I had a terrible experience at Universal Studios, before Islands of Adventure, with a security guard named Paul who was so rude to me when I was standing under some shade at the Twister attraction.  My family went ahead of me into the long line that was mostly out in the sun.  You see, I am allergic to the sun and I break out into hives within ten minutes of standing in one place, so my family was going to walk the line, then I would join them when they were under the cover, just before the entrance.  "Paul" said that if I butted in line, he would arrest me and throw me out of the park.  He was completely rude, though I explained my allergy and was polite to him.  I joined my family in the sun because Paul was such a bully and I was by myself, so I felt helpless.  He ruined our only day in Universal, 1/7 of our vacation days which are such precious times as a family (they are all grown now and were in their late teens to early twenties in 1998, when this happened).  To make a long story short, my husband insisted on stopping at Guest Relations on the way out.   They called Paul into the office, he was forced to apologize for belittling me, then they gave us all two-day passes that would be good forever and reimbursed us for that day's passes. 

What really hits the ball out of the park is when you tell them that you have never had anything like this happen to you at Disneyworld.  They just hate to be compared to anything Disney.  They strive to be as good as Disney but always come up short, in my opinion.   Their numbers do not lie, and their numbers are always less than Disney.  We visit Disney three to four weeks a year, just the two of us, and we spend one or two days a week at Universal and the rest at Disney.   It's the Disney attitude that keeps us coming back.  Universal has great rides, two of their rides are our absolute favorites, but they lack that special something that will always keep them second.  The company wants that loyalty from its customers, but issues like you had will never get them where they want to be.


----------



## spiceycat (Mar 2, 2006)

do you realize that you are the first person besides me that I have heard of who is allergic to the sun....

it is a pain and I live in Ala....

I get a rash, then I pass out...

so I try to avoid the sun - from 10:30 to 4 pm - we go back to the resorts and shopping (in malls)... yes a big pain on vacation.

a 50 sun screen is not strong enough for me. and yes I renew it every hour....

of course without the 50 sun screen Florida would be impossible.

I try to remember to take a umbrella with me. (don't always do it)  

US/IOA when it was new did not have the big trees that WDW always has. It was hot and horrible - we visited once. then I went back in the early 00's big change...


----------



## rickandcindy23 (Mar 2, 2006)

*My mother had the same allergy*

It is such a pain going on vacation with me.     I have the whitest skin.  

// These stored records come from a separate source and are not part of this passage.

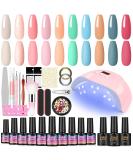 PECECOLOR GELNEAGE SET - 10 Colors UV Nail Polish with 36W UV Lamp | Complete Gel Nail Starter Set for Beginners - Base & Top Coat Included - Buy Online on GoSupps.com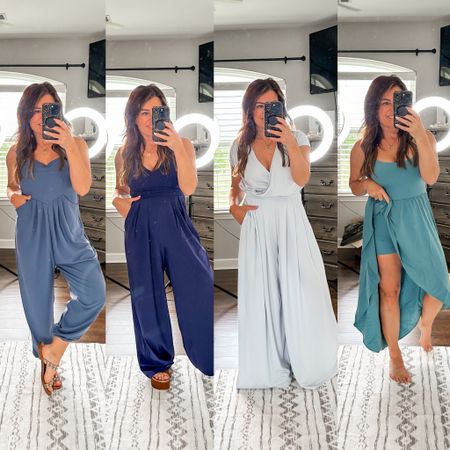 Love all 4 of these! I would say size down in the wide legged jumpsuit! Wearing a small and need and XS  

#LTKfindsunder50
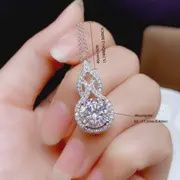 Silvery 3-carat Moissanite Droplet Shaped Pendant Necklace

I take an umbrella when I know I will forced to be in the sun for long periods of time, but I usually don't think that going to the parks will be a problem.  One year ago in October, we were in a small group for the MGM backlot tour and were allowed to get on an empty tram.  We were sitting on the front car for a while, in the sun.  They put down the side so I couldn't get out.  We kept thinking we would get moving soon, but I was trapped.  I told Rick I was definitely going to get a rash.  Sure enough, after sitting there for ten minutes or so, my legs had huge welts that looked like bee stings.  

People say, "wear sunscreen."  I do wear sunscreen, but it does not help at all.  I don't know why people think an allergy can be erased by sunscreen.  If a person is allergic to peanuts, we accept that without telling them to try it anyway.    

You're right about Universal.  In 1991, when we first started visiting Disneyworld, Universal was a miserable place.  Now that the trees have grown, it is much better.  We are becoming Universal fans and have never purchased an annual pass before, so this is a first for us.  

I really want to encourage Homer to write a letter to Universal.  I know they will do something for him because their policies on that $25 fast pass have changed, probably due to these complaints.  A letter is so effective.


----------